MONTROSE — Owners of a 94-year-old Craftsman-style home at the center of a controversial plan to raze the structure held an open house Saturday to assuage residents’ concerns that the site’s proposed five-unit apartment complex would harm the neighborhood.
The open house inside the three-bedroom, two-bathroom unit at 2128 Glenada Ave. was the first chance for many critics of the proposed complex to see the interior of what is believed to be the oldest house in Montrose.
“I’ve never been inside,” said Debbie Nicholas, president of the homeowners association of the condominium complex next door. “Now that I’ve seen it, I can say that it’s a real pity it will be torn down.”

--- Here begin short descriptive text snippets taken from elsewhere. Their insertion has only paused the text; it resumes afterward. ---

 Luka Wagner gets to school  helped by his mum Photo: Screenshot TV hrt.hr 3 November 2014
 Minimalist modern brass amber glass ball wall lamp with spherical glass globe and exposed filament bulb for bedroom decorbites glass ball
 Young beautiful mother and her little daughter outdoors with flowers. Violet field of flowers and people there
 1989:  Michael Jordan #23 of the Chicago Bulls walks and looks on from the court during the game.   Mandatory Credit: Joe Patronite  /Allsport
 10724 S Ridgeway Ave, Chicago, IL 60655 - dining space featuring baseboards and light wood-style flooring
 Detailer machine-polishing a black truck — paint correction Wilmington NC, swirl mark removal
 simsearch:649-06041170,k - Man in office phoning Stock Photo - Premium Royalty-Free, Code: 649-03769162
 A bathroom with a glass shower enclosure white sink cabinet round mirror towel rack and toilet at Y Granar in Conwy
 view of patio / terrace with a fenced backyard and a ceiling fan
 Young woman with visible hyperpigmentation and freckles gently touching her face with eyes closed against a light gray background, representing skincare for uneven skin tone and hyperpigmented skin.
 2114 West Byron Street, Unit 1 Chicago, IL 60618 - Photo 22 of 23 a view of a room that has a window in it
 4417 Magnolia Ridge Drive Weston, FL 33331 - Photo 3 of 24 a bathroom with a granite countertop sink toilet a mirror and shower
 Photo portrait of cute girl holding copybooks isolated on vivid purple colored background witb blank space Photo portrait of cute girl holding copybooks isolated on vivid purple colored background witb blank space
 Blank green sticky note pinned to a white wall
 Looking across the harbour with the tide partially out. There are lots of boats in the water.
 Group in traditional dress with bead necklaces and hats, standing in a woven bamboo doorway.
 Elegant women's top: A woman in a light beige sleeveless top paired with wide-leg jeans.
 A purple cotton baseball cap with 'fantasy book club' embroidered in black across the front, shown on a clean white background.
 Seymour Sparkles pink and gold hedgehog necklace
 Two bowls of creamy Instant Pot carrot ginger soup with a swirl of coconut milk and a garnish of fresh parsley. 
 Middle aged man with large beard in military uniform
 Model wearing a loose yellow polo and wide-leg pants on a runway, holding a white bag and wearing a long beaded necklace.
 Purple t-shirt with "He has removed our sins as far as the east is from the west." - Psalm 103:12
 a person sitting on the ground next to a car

Nicholas, like most others milling about the home Saturday, feared that the planned apartment complex — five two-story apartment buildings, each with three bathrooms and 2 1/2 bathrooms and at least two parking spaces per unit — would greatly increase traffic on the small cul-de-sac less than a mile from Montrose Avenue.
Others fear that the complex would cause property values to decrease and that the constant turnover of tenants in the proposed units would create a sense of transience on Glenada Avenue, where many residents have lived for years, including the four families that live in the remaining Craftsman-style homes.
“The reality of the situation is that it will affect parking,” said David Valencia, who lives in one of the Craftsman homes on Glenada.
Property owners Razmik Tahmasian and Gevorg Voskanian, who purchased the historic home in 2000 for about $350,000 and rented it out sporadically for the past eight years, are required to provide two parking spaces per unit. But critics say providing the minimum number will not suffice.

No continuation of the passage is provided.